When the Social Security Administration announced an 8.7% cost-of-living (COLA) adjustment for 2023 in mid-October, many seniors could finally breathe a sigh of relief. For months, seniors (and younger consumers, too) have been succumbing to the weight of inflation. And when we look at how well the 2022 COLA held up, it’s easy to see why retirees are struggling.
At the beginning of 2022, seniors on social assistance benefits saw their benefit increase by 5.9%. At the time, that seemed like a generous raise. But this year’s inflation rate has far surpassed that 5.9% increase, putting Social Security recipients at a serious disadvantage.
In a recent Motley Fool survey, 85% of retired Americans say they have definitely felt the impact of inflation and that the higher cost of living has been an issue. Only 3% of retirees say they haven’t really noticed a big increase in the cost of living.
Given the number of seniors struggling financially due to inflation, the hope is that next year’s COLA will help them regain some purchasing power. But that will really only happen if inflation moves in one direction – downwards.
Continued inflation could render next year’s COLA useless
In October, the consumer price index registered a lower annual increase in inflation than in September.

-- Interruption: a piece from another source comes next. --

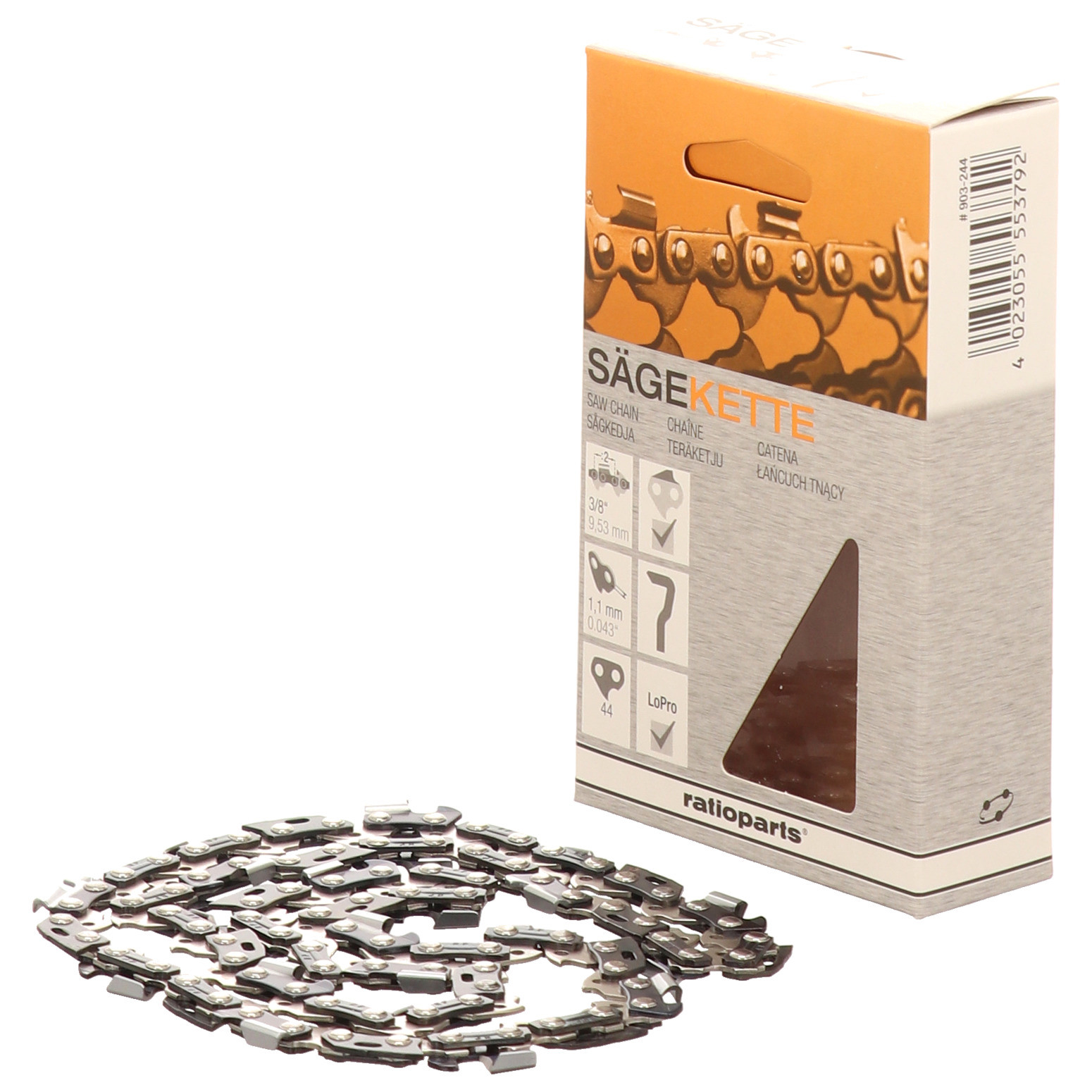 30 cm Stihl Schwert Kette 30er Schiene für Stihl Motorsäge 3/8 1,1 30 cm Stihl Schwert Kette 30er Schiene für Stihl Motorsäge 3/8 1,1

So that is already considered a positive sign.
But that doesn’t guarantee inflation will cool in 2023. For all we know, the cost of living could rise even more in the new year, putting seniors who derive most of their income from Social Security in a very difficult position.
The good news now is that the Federal Reserve is clearly determined to slow the rate of inflation. It has been aggressively raising interest rates for months in an effort to discourage heavy consumer spending – and narrow the supply-demand gap that has driven inflation up.
But it’s hard to know how successful the Fed will be. Many Americans are still sitting on leftover cash due to generous stimulus policies legislators enacted during the pandemic. And so it’s hard to predict whether higher borrowing rates will cause a notable pullback in spending or not. And as such, it’s also hard to say whether the Social Security COLA for 2023 will ultimately become the financial lifeline seniors want it to be.
All of this really underscores the importance of an income outside of Social Security during retirement. Seniors who have savings to tap into or investments to pay out are undoubtedly in a stronger financial position today than those who rely largely on Social Security to stay afloat.
Of course, it’s a little late for current retirees to go back in time and start building savings. But those still in work should take note of the financial stress seniors have had this year — and use that as motivation to increase their IRA or 401(k) plan contributions to avoid a similar fate. when it’s their turn to retire.